We are Christ’s letter. What is a letter for? It is to express one’s mind. And what are some of the important things in a letter? First, legibility. You want to be able to read it. If you and I constitute the epistle of Christ the letter should be a legible one, one easily read. People ought not to have to puzzle their heads over it and say, “Well, I don’t know, I really cannot understand that. It may be Christianity, but it does not seem so to me.” And then a letter should contain clear, definite statements. Clearness of meaning characterizes a well-written letter. You do not like to get a letter and go through it all and say, “I can read it, but for the life of me I cannot understand what he means.” You and I are called upon to so clearly set forth the grace that is in Christ that people will not have to puzzle over it, but that they will be able to say, “Oh, now I understand; I see what Jesus does for the soul that trusts Him. If that is Christianity, I should like to know the same blessed life myself.” And then, you know, a real letter reveals the personality of the one who writes it. Somebody has said that we have almost lost the art of letter-writing nowadays. Everything is so standardized that our letters do not reveal our personality at all. Take some of the volumes of old-fashioned letters, what a delight it is to take from the bookshelf some of Carlyle’s or Browning’s letters, and others of the great men of the past. How marvelously they reveal the personality, the mentality of the soul, the spirit of those men. The church is the epistle of Christ, and the church is expected to reveal to men the personality, the loveliness, the beauty, the preciousness of Jesus. Oh, to have men say, “I did not know Christ until I saw So-and-So, and then I said to myself, ‘Jesus must be a wonderful Savior, for I have seen a little of what He is, revealed in this or that man or woman.’” That is what it means to be an epistle of Christ, to be manifesting Him.
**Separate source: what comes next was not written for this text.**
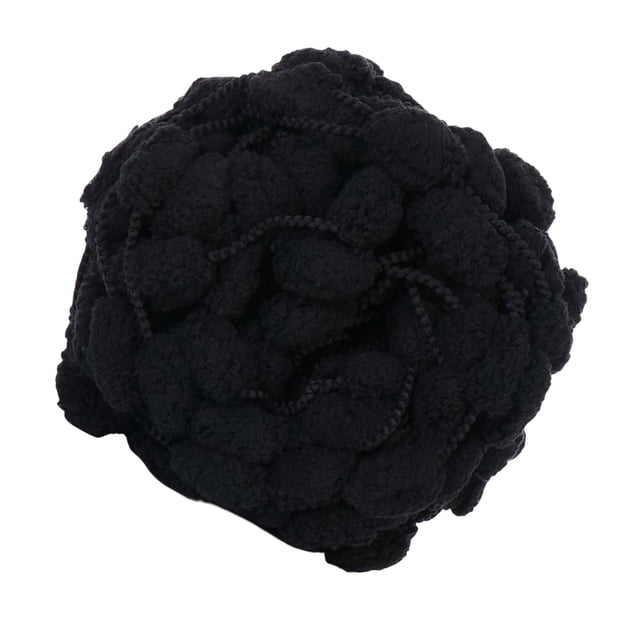 Hilo grueso de pompón para tejer a mano, cómodo, suave, para hacer tú mismo, jumbo Negro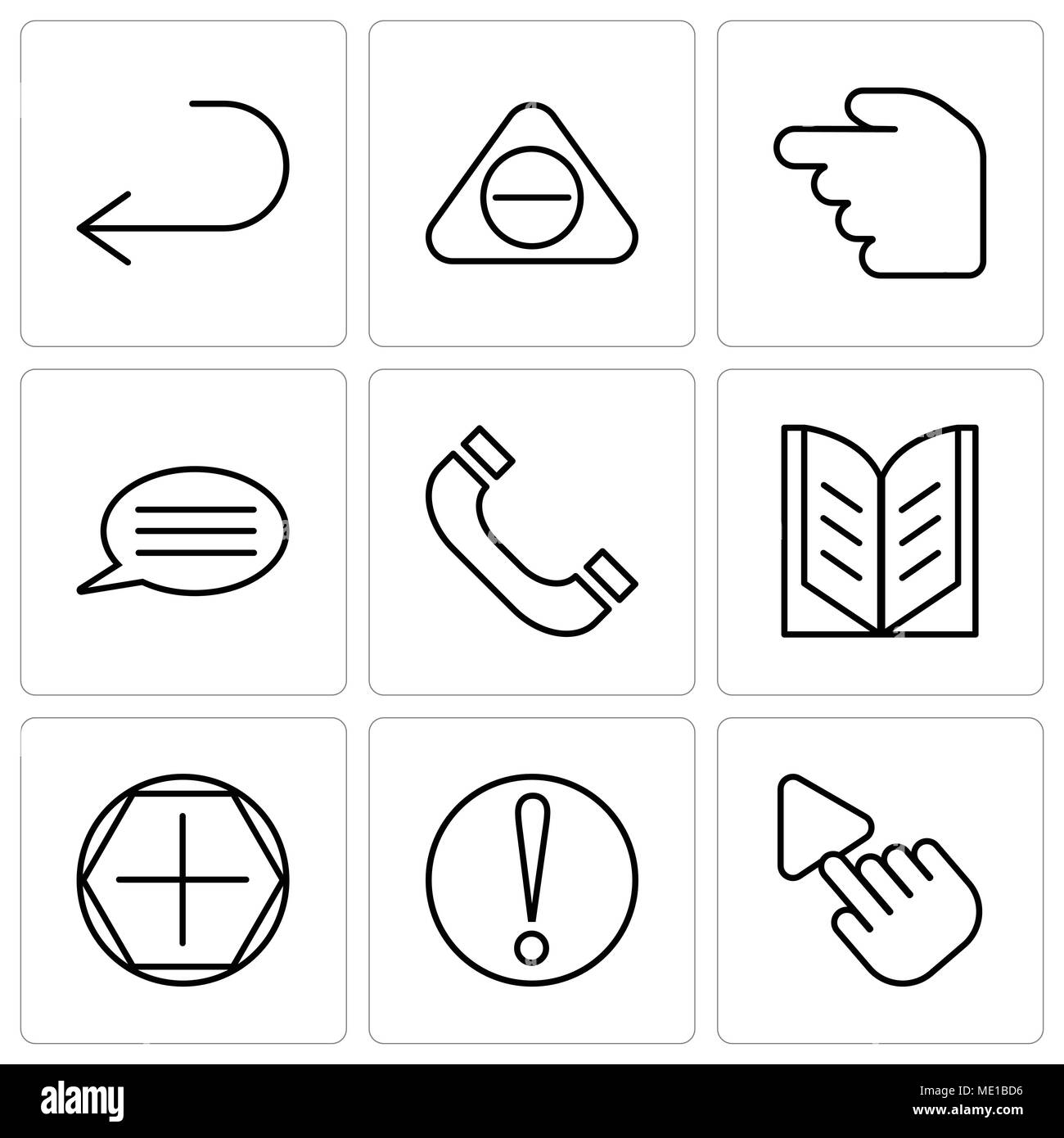 Set di 9 semplici icone modificabile come strumento di selezione, attenzione, Aggiungi attrezzo, Libro Aperto, cuffie, discorso bolla con testo, clessidra, sottraendo butto Illustrazione Vettoriale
And so the apostle says, it is not that we can do this in ourselves, that we are sufficient of ourselves-“Not that we are sufficient of ourselves to think anything as of ourselves; but our sufficiency is of God.” Let us never get away from that. Christianity is a supernatural thing. I am persuaded that one of the greatest mistakes that thousands of people make is to imagine that Christianity is simply a natural thing, a natural life lived on a higher plane than the ordinary life. A man may say, “I think perhaps I have been too selfish, too worldly; I am going to start in and lead a Christian life; I am going to be a Christian, and so am going to join the church, be baptized, take the sacrament, read the Scriptures, and have family prayer.” You can do all of those things outwardly, and yet not be a Christian at all. Christianity is not the natural life lived on a higher plane. It is a divine life manifested in the energy of the Holy Spirit. That is why men need to be born again. That is an old-fashioned theme, but we cannot emphasize it too much. The Lord Jesus Christ said to Nicodemus, a very good man, a very religious man, “Except a man be born [again], he cannot see the kingdom of God” (John 3:5). The natural man can manifest only what is in his natural heart; there must be a second birth. I ask you, in the name of my Master, have you ever known that great change which the Bible calls the new birth? If not, you have never taken the very first step in the Christian life. You cannot live a Christian life until you have a Christian life to live. You must receive the life before you can manifest it. “We are not sufficient of ourselves to think anything as of ourselves; but our sufficiency is of God.” If you are saying, “I have heard a good deal about that, but my perplexity is that I do not know how I may be born again,” let me give you two or three passages from God’s Holy Word, and may His divine Spirit wing them home in power. John 1:11: “He came unto his own, and his own received him not.” How do you receive Him? You receive Him into your heart, open your heart to Him, and let Him come in. John 1:12-13: “But as many as received him, to them gave he power to become the sons of God, even to them that believe on his name: which were born, not of blood, nor of the will of the flesh, nor of the will of man, but of God.”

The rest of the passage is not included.